● REQUIRED WORK: Give back the exact lines of the material below from the one containing "Hotel Base Serviced - Duke Street" through the one containing "Primo piano immagine", and no pictures.

● DATA SHOWN:
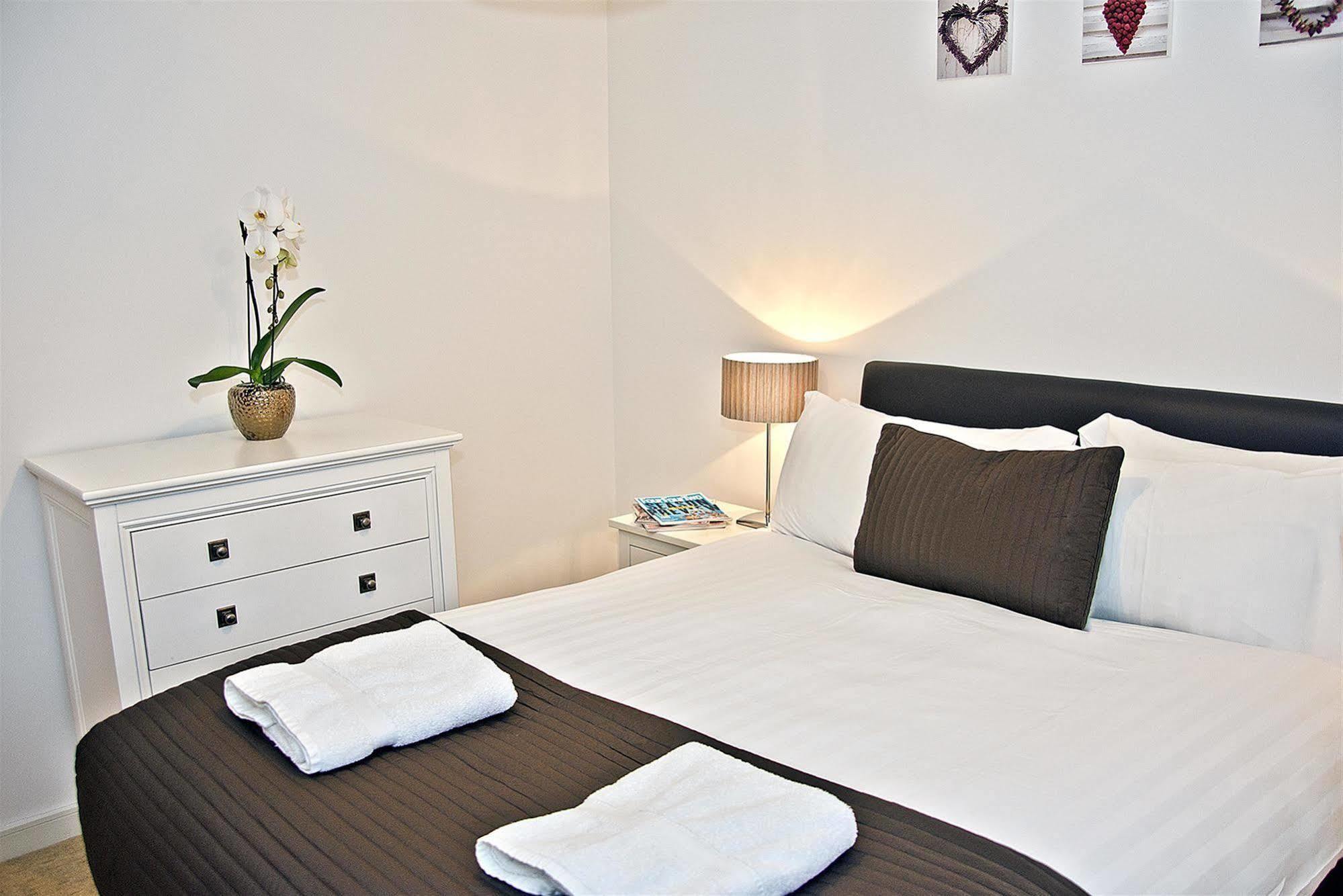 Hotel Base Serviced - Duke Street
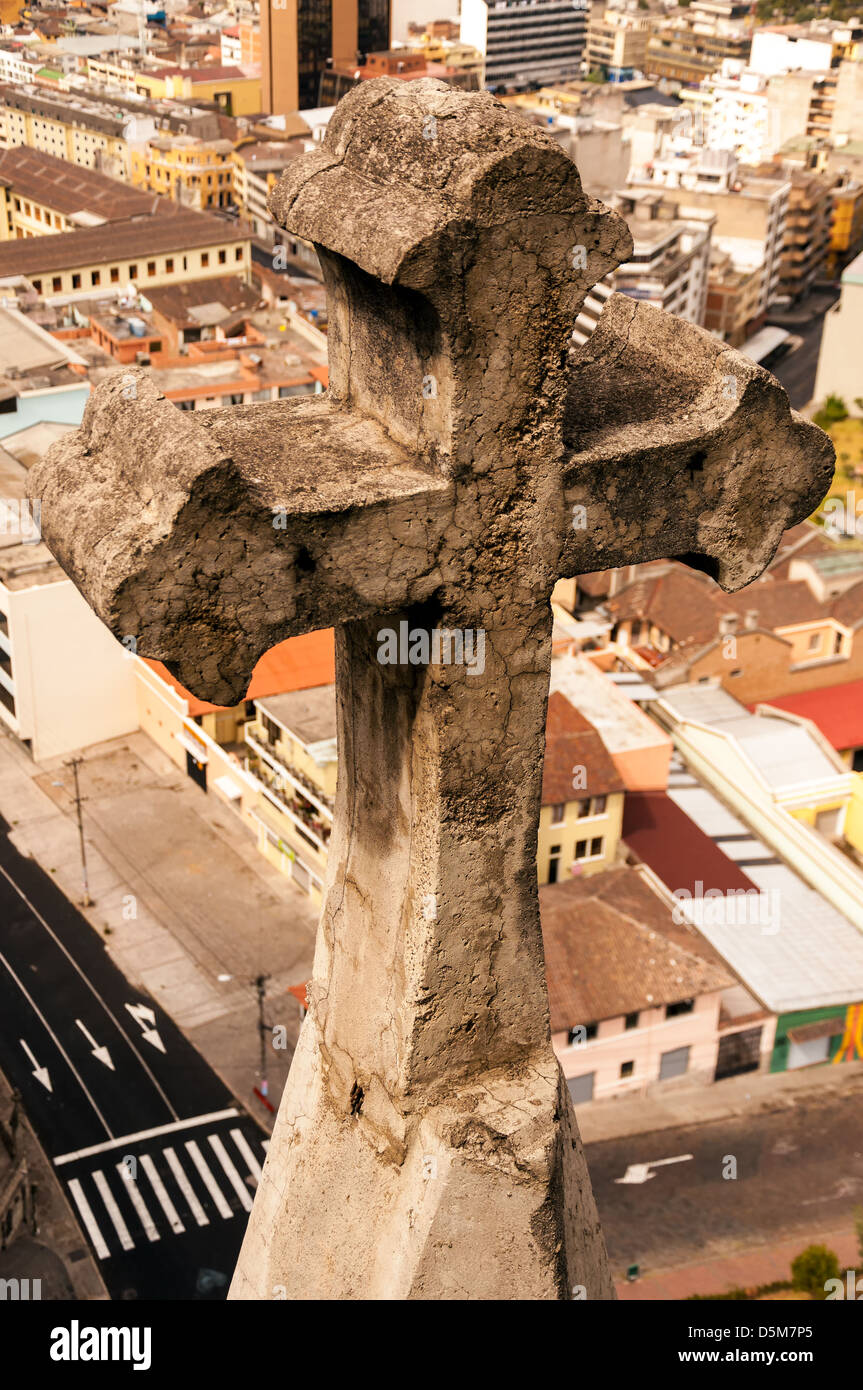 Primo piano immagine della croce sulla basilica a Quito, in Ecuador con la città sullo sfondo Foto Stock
---
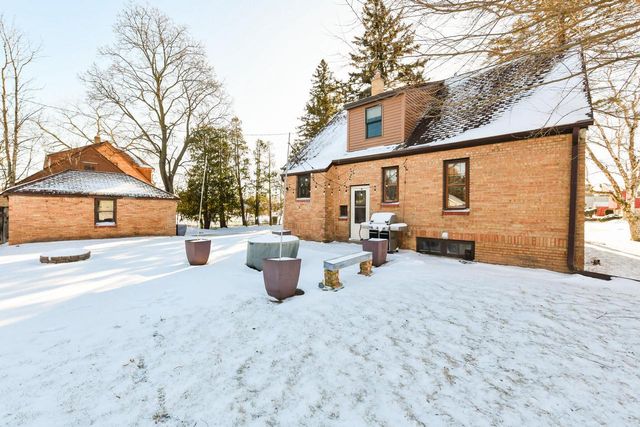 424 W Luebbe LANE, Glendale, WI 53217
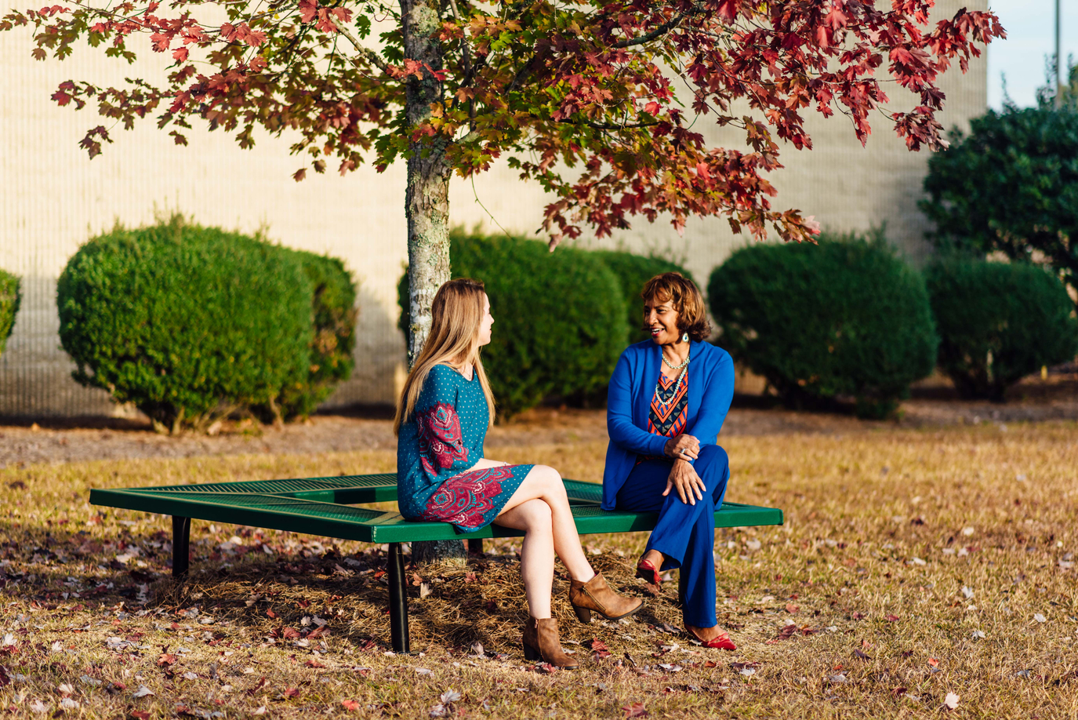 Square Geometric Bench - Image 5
--
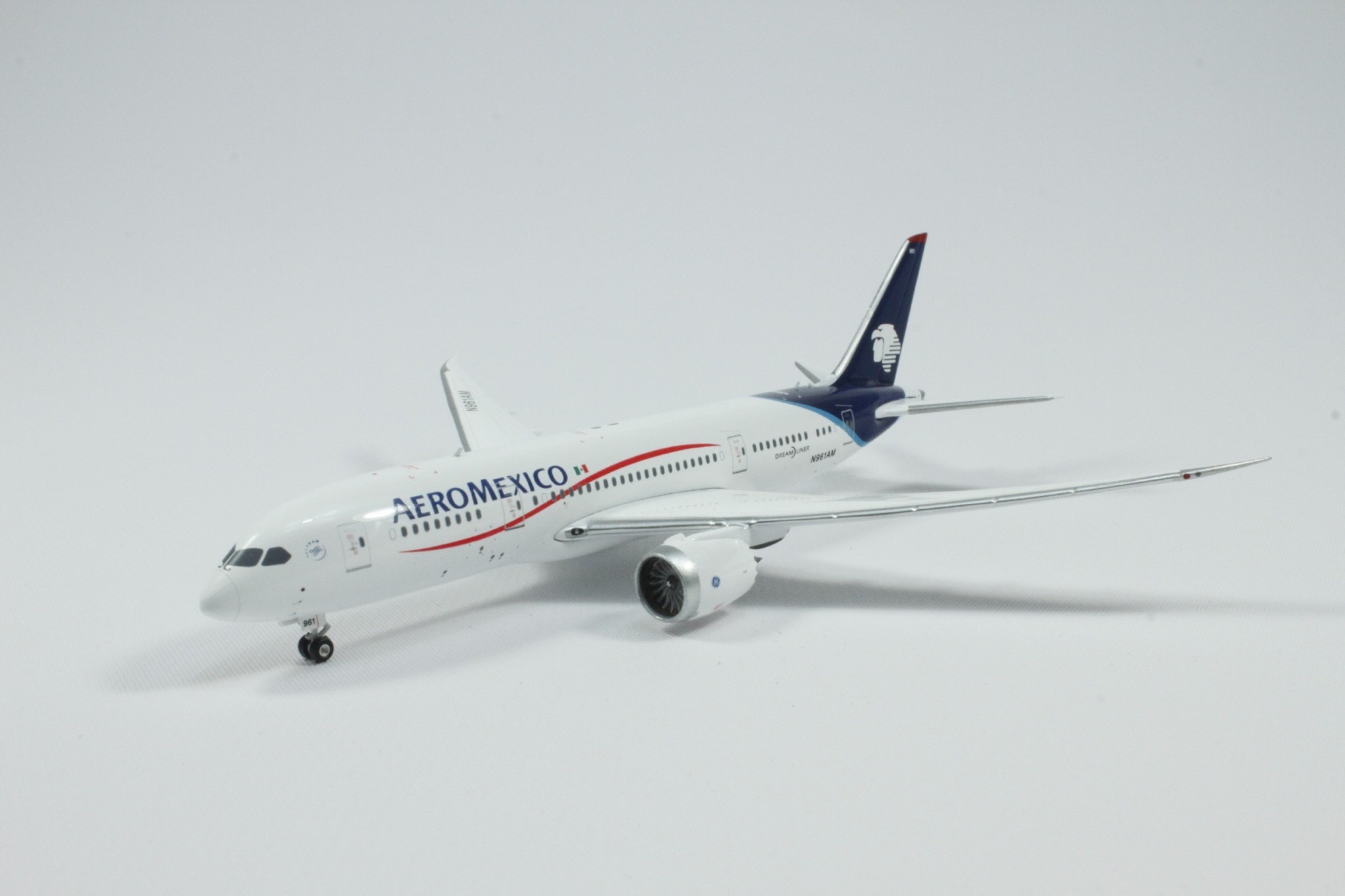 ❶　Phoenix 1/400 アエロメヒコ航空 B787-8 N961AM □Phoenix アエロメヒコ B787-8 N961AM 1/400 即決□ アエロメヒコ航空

● RESULT OF THE EXERCISE:
 Hotel Base Serviced - Duke Street
 Primo piano immagine della croce sulla basilica a Quito, in Ecuador con la città sullo sfondo Foto Stock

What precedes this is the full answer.